Answer
$\frac{\sqrt7}{4}$
Work Step by Step
RECALL:
(1) $\theta = \arccos{x} \longrightarrow \cos{\theta}=x$
(2) $\sin^2{\theta} + \cos^2{\theta} = 1$
Let $\theta = \arccos{(\frac{3}{4})}$
This means that $\cos{\theta} = \frac{3}{4}$.
Since arccosine is defined in Quadrant I and II only, then the angle is in Quadrant I since cosine is positive.

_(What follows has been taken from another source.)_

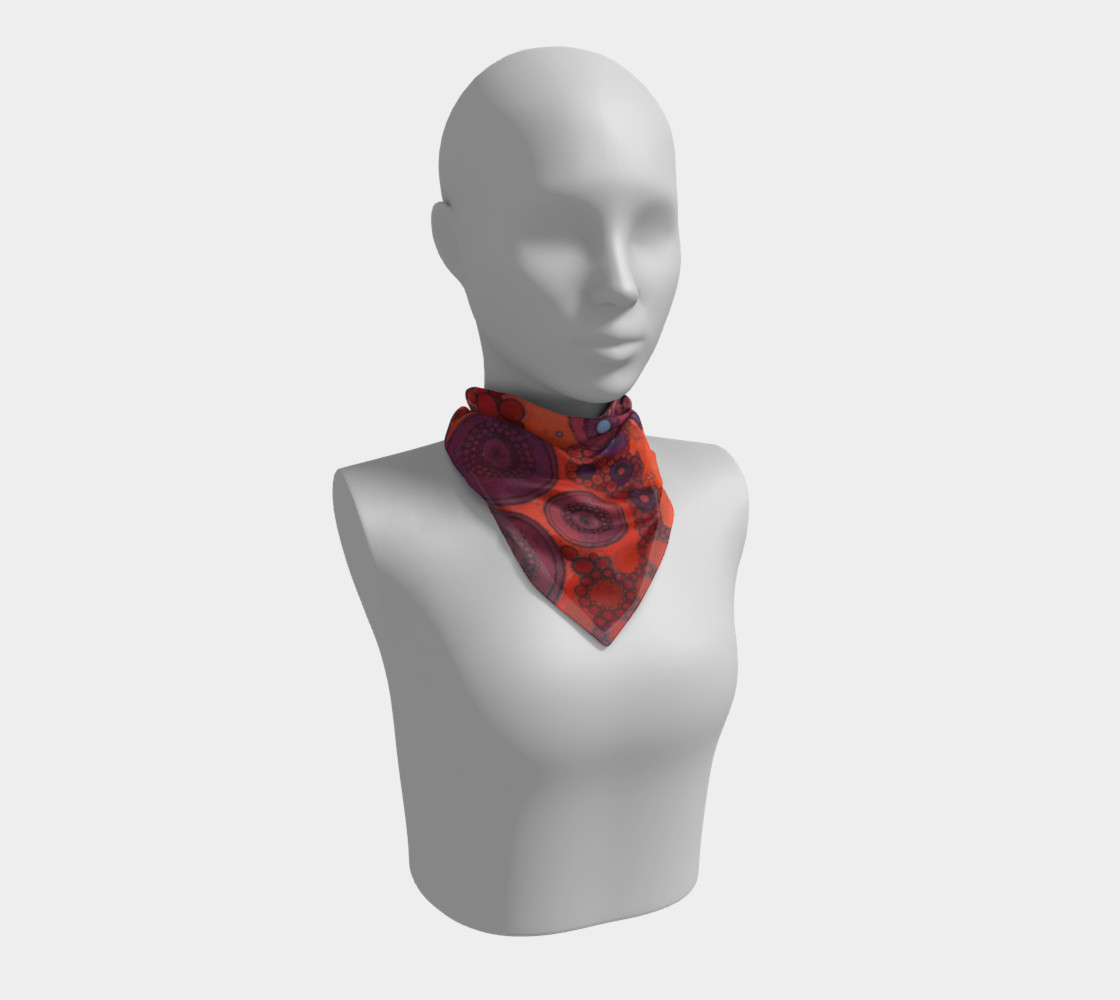 Shake It Out Doodle Scarf preview #1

Use the (2) in the recall part above to obtain:
$\sin^2{\theta} + \cos^2{\theta}=1
\\\sin^2{\theta} + \left(\frac{3}{4}\right)^2=1
\\\sin^2{\theta}+\frac{9}{16}=1
\\\sin^2{\theta}=1-\frac{9}{16}
\\\sin^2{\theta}=\frac{7}{16}
\\\sin{\theta} = \pm \sqrt{\frac{7}{16}}
\\\sin{\theta} = \pm \frac{\sqrt{7}}{4}$
Since the angle is in Quadrant I, then sine must be positive.
Thus,
$\sin{\theta} = \frac{\sqrt7}{4}$.
Therefore,
$\sin{(\arccos{(\frac{3}{4}})}=\frac{\sqrt7}{4}$